According to Sean, this is the version of memory allocator
libtcmalloc-minimal4 2.4-0ubuntu5.16.04.1
jewel: 10.2.7
Test | Type | IOPS |
---|---|---|
4k-rbd_cache_true | rand rw | 10777/13604 (w/r iops) 4k |
4k-rbd_cache_false | rand rw | 10539/28141 (w/r iops) 4k |
4k-rbd_writethrough_cache | rand rw | 660/19887 (w/r iops) 4k |
jewel: 10.2.10 (client/server)
Test | Type | IOPS |
---|---|---|
4k-jewel-latest-rbd_cache_true | rand rw | 9009/20537 (w/r iops) 4k |
4k-jewel_latest_rbd_cache_false | rand rw | 10592/29959 (w/r iops) 4k |
4k-jewel_latest_rbd_cache_writethrough_true | rand rw | 5412/11345 (w/r iops) 4k |
Allicator | Verion | Cache | Type | IOPS | Spreadsheet |
---|---|---|---|---|---|
tcmalloc | 2.4 | 128mb cache | rand rw | 10355/87073 (w/r iops) 4k | Spreadsheet row 18 |
tcmalloc | 2.4 | 256mb cache | rand rw | 9926/30893 (w/r iops) 4k | Spreadsheet row 10 |
jemalloc | 3.6 | rand rw | 14034/30165 (w/r iops) 4k | Spreadsheet row 2 |
Note: These tests were all run using rbd_cache=false with attached volumes
- It's not standard install.
- According to testing done by Red Hat jemalloc will use significantly more memory than tcmalloc on the order to 200M to 300MB per OSD process under nomal use and about 400MB more during recovery.
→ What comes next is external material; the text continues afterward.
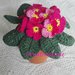 Primula fucsia all'uncinetto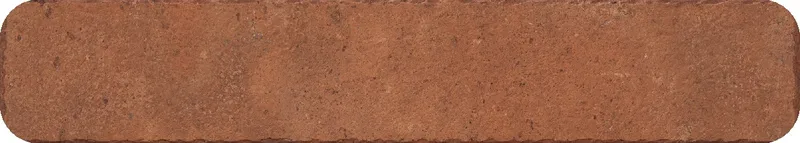 Lithic Sepia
But according to our tests in the lab it only increased by approxiately 100MB
Looking for volume iops to increase and watching for increase memory usage for everyday workload and a recovery
-
Metrics to gather prior to the jemalloc change (Is rpc-maas installed on the staging environment?)
- attached volume iops (should already have iops and memory)
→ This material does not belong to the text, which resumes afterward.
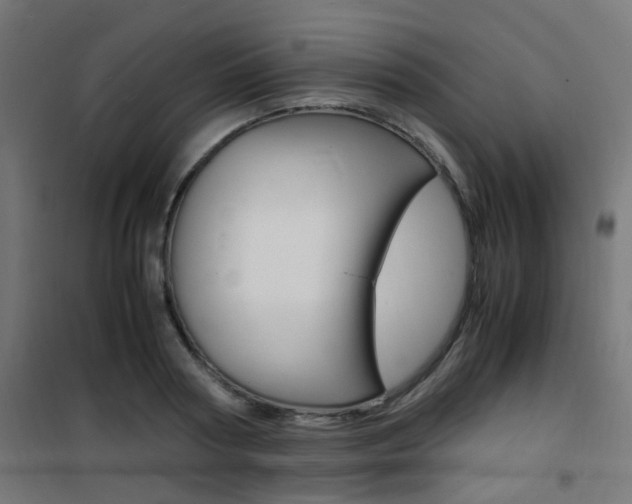 X0000101480794200807071242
- Perform a recovery test to gather timming and memory usage
- Define a valid recovery test with RPC support
-
Install/Setup jemalloc
# Install new memory allocator
sudo apt-get install libjemalloc1 libjemalloc-dev
# Uncomment “#LD_PRELOAD=/usr/lib/x86_64-linux-gnu/libjemalloc.so.1” from /etc/default/ceph
# Restart ceph services on the host
- Verify ceph is now using jemalloc
lsof -E | grep malloc
-
Volume performance increase test
- Create several vm and attach a volume using rbd_cache = none
- Run fio to verify the performance gain based on the documented tests you already have
- Review osd memory profile.
-
Recovery (track time of operation and memory foot print)
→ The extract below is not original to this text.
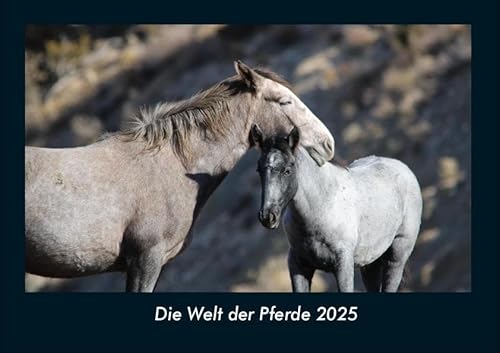 Die Welt der Pferde 2025 Fotokalender DIN A4: Monatskalender mit Bild-Motiven von Haustieren, Bauernhof, wilden Tieren und Raubtieren Die Welt der Pferde 2025 Fotokalender DIN A4: Monatskalender mit Bild-Motiven von Haustieren, Bauernhof, wilden Tieren und Raubtieren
- Run the same recovery operation done in Step 2.
- Review timing and memory usage.
Execute fio test
fio 4k-randrw.fio | tee <situation>.txt
fio test file
$ cat 4k-randrw.fio
[global]
bs=4k
iodepth=128
direct=1
ioengine=libaio
randrepeat=0
group_reporting
time_based
runtime=60
filesize=10G
[4k-randwrite]
rw=randwrite
stonewall
filename=<device>
Andy has submitted a Pull Request to ceph-ansible to add a flag to install, configure jemalloc
"Ceph default packages use tcmalloc.
Red Hat presentation https://www.youtube.com/watch?v=oxixZPSTzDQ&feature=youtu.be
"For flash optimized configurations, we found jemalloc providing best possible performance without performance degradation over time."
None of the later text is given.